REED CITY — It may be early for some people to think about the 2018 mid-term election.

However, Osceola County Clerk Karen Bluhm, along with local township and city clerks, have spent the last couple of months figuring out what new voting equipment voters will see on election day in 2018.

The State of Michigan is requiring counties to purchase new equipment. In January, Bluhm told county officials the state selected Dominion Voting System, Election Systems and Software and Hart InterCivic as vendors of optical-scan voting systems local units will need to purchase. The current voting equipment arrived in 2005 and has been used since 2006.

Bluhm updated County Commissioners during their most recent meeting on April 18, telling them a decision on a vendor was made during a meeting with the local township clerks.

"It is my decision to make, but the local clerks are the ones who are going to be working hands-on with the machines," she explained. "After the conversation about the voting machines and they saw the numbers, they agreed with my decision. We are choosing Dominion."

The cost of Dominion, $1,860 for the county and a printer for townships, is less than the ES&S and Hart. However, Bluhm said the price wasn't the only factor considered.

"They use Governmental Business Services and Election Source to market themselves," she said. "The local clerks are familiar with them, and I work with them a little more than they do.

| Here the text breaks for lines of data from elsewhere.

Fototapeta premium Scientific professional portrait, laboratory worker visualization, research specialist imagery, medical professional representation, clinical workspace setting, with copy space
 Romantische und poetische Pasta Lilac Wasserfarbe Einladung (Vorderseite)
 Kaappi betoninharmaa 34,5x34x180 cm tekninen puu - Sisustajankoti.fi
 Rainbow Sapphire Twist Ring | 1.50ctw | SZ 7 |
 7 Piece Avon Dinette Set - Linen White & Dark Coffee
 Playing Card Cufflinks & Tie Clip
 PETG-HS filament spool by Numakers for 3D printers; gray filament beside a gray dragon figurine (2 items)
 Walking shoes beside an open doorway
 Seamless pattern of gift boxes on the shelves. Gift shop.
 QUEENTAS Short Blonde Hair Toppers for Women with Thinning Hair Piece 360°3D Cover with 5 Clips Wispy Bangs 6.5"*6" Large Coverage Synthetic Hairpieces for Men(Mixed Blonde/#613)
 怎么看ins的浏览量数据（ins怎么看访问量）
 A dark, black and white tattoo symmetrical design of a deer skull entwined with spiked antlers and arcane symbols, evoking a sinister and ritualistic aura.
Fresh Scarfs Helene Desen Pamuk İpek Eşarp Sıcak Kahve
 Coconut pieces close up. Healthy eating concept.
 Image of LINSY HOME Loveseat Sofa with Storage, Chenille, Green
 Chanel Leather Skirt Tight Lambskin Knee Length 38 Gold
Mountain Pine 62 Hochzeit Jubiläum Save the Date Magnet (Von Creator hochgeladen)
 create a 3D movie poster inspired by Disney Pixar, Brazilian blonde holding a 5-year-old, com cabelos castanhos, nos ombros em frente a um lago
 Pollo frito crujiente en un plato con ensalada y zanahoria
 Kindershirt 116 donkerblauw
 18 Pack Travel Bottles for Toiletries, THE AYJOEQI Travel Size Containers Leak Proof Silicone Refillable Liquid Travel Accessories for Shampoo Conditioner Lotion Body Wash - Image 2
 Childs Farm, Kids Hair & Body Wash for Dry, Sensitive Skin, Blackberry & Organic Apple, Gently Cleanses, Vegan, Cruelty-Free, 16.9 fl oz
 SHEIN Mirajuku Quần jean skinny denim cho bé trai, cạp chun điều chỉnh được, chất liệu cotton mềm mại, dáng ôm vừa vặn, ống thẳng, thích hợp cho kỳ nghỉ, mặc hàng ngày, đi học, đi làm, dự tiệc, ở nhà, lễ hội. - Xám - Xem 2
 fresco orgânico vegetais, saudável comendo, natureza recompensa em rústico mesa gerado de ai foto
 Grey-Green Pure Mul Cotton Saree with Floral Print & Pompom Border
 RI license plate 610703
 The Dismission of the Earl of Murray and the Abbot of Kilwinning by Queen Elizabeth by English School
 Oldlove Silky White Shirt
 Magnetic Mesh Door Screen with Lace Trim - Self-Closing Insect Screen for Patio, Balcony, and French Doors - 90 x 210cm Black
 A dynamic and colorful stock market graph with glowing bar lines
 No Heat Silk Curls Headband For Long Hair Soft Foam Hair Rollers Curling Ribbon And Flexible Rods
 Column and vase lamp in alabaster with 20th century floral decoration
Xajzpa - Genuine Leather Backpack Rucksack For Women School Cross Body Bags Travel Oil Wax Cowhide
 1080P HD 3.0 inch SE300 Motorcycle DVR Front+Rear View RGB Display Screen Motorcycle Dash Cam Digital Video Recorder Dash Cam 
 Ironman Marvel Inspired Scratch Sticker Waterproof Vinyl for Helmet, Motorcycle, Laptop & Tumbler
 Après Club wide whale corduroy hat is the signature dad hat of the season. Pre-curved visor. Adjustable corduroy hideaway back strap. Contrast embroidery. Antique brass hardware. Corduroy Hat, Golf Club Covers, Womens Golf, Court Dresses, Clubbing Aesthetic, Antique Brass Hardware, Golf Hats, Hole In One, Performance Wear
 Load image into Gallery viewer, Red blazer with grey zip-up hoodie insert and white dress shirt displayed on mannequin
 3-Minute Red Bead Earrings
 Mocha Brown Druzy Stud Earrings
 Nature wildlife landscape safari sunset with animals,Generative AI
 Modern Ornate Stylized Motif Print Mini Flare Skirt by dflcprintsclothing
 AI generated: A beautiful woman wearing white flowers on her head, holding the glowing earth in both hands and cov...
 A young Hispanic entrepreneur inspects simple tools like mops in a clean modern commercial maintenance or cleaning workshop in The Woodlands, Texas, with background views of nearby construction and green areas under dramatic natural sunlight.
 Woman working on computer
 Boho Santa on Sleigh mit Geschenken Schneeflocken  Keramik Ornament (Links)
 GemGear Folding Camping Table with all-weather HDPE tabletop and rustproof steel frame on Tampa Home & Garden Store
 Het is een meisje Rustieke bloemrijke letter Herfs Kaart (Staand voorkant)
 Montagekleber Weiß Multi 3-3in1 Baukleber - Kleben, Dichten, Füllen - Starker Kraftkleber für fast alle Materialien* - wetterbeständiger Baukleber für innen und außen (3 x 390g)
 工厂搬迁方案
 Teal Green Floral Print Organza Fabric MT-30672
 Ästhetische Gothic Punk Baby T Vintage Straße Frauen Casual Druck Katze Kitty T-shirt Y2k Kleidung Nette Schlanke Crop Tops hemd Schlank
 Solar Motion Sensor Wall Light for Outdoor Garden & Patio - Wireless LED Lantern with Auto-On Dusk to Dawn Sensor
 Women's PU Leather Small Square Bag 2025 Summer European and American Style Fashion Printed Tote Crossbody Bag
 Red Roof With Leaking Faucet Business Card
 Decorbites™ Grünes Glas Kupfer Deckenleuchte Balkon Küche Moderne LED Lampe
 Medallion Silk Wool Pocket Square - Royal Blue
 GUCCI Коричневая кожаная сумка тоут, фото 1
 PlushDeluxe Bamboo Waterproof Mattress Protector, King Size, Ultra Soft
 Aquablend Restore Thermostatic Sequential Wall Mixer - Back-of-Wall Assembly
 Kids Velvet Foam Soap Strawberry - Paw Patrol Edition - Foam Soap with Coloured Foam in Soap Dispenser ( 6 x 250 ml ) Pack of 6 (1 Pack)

"It's really the service (Dominion provides)," she said, noting representatives are usually a half-hour away on election day in case there are any mechanical issues.

Bluhm said they will be able to rely on Dominion.

"They are from Grand Rapids, right across from the airport," she said. "I know where I can get my hands on someone personally."

Bluhm presented a 10-year cost analysis to commissioners, highlighting the costs of the voting equipment from the three vendors. The analysis included initial costs for both the county and townships and maintenance costs for Years 6 though 10. Years 2 through 5 had no costs.

The discussion at the clerk meeting, Bluhm said, did not focus on cost.

"Most of the consensus was we liked Hart," she said. "We all agreed Hart is the future equipment, but there are too many unknowns. It is approved by the state, but they have no current state contract."

Bluhm said Hart has no office set up in the state and couldn't pinpoint where it would be located.

The touch screen on Hart's voting equipment was very progressive, Bluhm added.

"I think that's the future," she said. "One clerk really liked Hart, but said she had to look at the age of her voters and voting population and didn't believe they would be comfortable with that equipment. I can see today's generation — that's where they want to be."

However, Bluhm said Hart's software isn't up to date.

"They keep telling me they will get me this and get me that," she said. "That's like telling me to buy a car with three tires this week and then they will get me the fourth tire in another three months."

Bluhm said ES&S was more difficult to get answers from.

"They kept telling me they'll match anybody else's quote," she said, shaking her head. "No, I'm not buying a car. They couldn't tell me where they were even located."

Bluhm said the state provided numbers of which counties selected which vendor. The majority have selected Dominion, the clerk said.

"We asked among ourselves, 'What did these other clerks know about Dominion that it was the obvious chosen one? What did they see that we haven't seen?'" Bluhm said. "Then we shared the costs."

Although Bluhm said a decision was made, it was not reported to the state. She said she would be making the recommendation to County Commissioners, who will have to approve a state-required resolution.

"I believe all the clerks were comfortable that we selected what's best for our voters," she said.

Bluhm added she's in no hurry to get the Dominion voting equipment and begin the training.

"I told them let's look at the first of the year," she said.